Problem statement: Exclude the pictures and set down, unaltered, the lines from the one that holds "Przedszkolaki świętowały odzyskanie" through the end of the data.

++++ Information shown

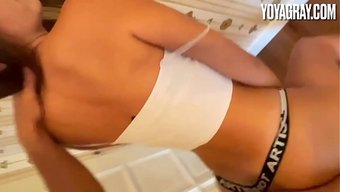 18岁的棕发女孩激情...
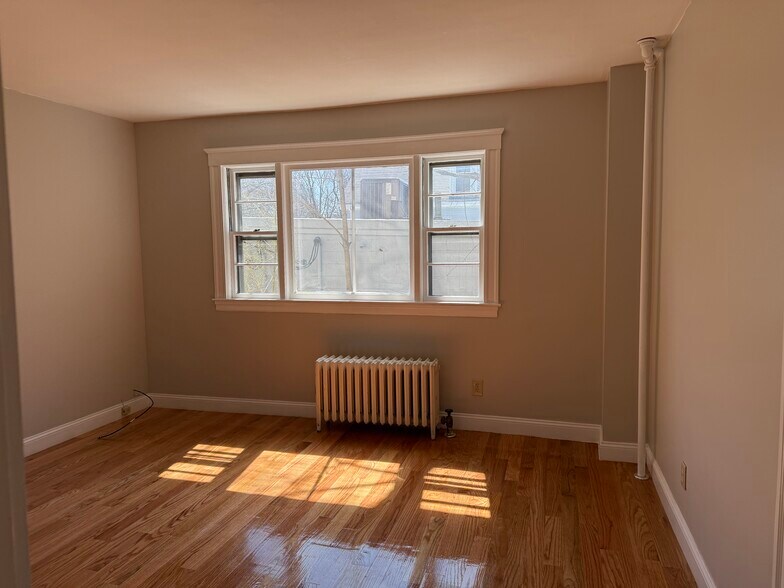 Building Photo - 65 Bacon St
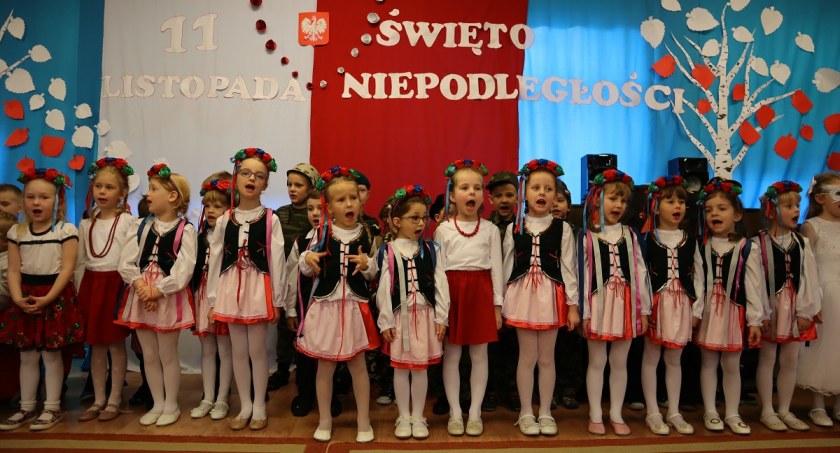 Przedszkolaki świętowały odzyskanie niepodległości [FOTO]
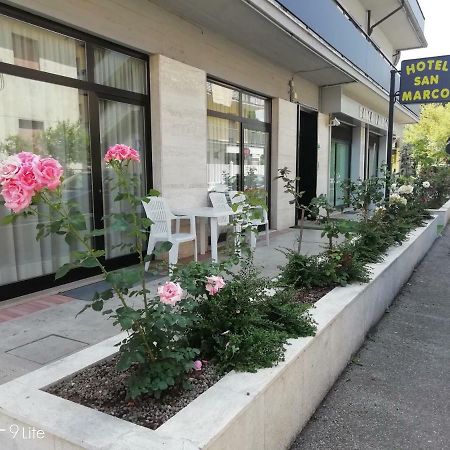Hotel San Marco アレッツォ エクステリア 写真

++++++++

Response to this exercise:
 Przedszkolaki świętowały odzyskanie niepodległości [FOTO]
Hotel San Marco アレッツォ エクステリア 写真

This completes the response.